Sensitivity is still lacking, and the detection of low-copy specimens is inaccurate.

There is the influence of the background value, and the result is susceptible to interference.

When there are PCR inhibitors in the reaction system, the detection results are susceptible to interference.

Third generation digital PCR

Digital PCR (DigitalPCR, dPCR, Dig-PCR) calculates the copy number of the target sequence through end-point detection, and can perform accurate absolute quantitative detection without using internal controls and standard curves.

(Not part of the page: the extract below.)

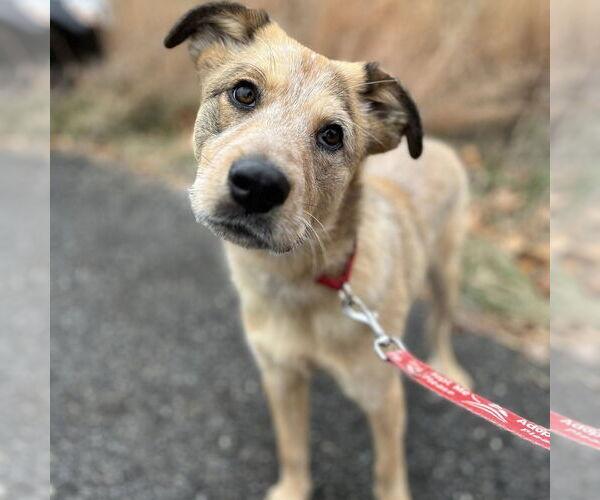 Medium Photo #3 Mutt Puppy For Sale in Canton, CT, USA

Digital PCR uses end-point detection and does not depend on the Ct value (cycle threshold), so the digital PCR reaction is less affected by the amplification efficiency, and the tolerance to PCR reaction inhibitors is improved, with high accuracy and reproducibility.

Due to the characteristics of high sensitivity and high accuracy, it is not easily interfered by PCR reaction inhibitors, and it can achieve true absolute quantification without standard products, which has become a research and application hotspot.

According to the different forms of the reaction unit, it can be divided into three main types: microfluidic, chip and droplet systems.

1) Microfluidic digital PCR, mdPCR:

Based on the microfluidic technology, the DNA template is separated. The microfluidic technology can realize the sample nano-upgrading or the generation of smaller droplets, but the droplets need a special adsorption method and then combined with the PCR reaction system. mdPCR has gradually been adopted by other methods replace.

2) Droplet-based digital PCR, ddPCR:

Use water-in-oil droplet generation technology to process the sample into droplets, and divide the reaction system containing nucleic acid molecules into thousands of nanoscale droplets, each of which does not contain the nucleic acid target molecule to be detected, or Contains one to several nucleic acid target molecules to be tested.

3) Chip-based digital PCR, cdPCR:

Use the integrated fluid pathway technology to engrave many microtubes and microcavities on silicon wafers or quartz glass, and control the flow of the solution through different control valves, and divide the sample liquid into nanometers of the same size into the reaction wells for digital PCR Reaction to achieve absolute quantification.

The main disadvantages of the third generation PCR:

The equipment and reagents are expensive.

The template quality requirements are high. If the template quantity exceeds the microsystem quantity, it will be impossible to quantify, and if it is too small, the quantification accuracy will be reduced.

False positives can also be generated when there is non-specific amplification.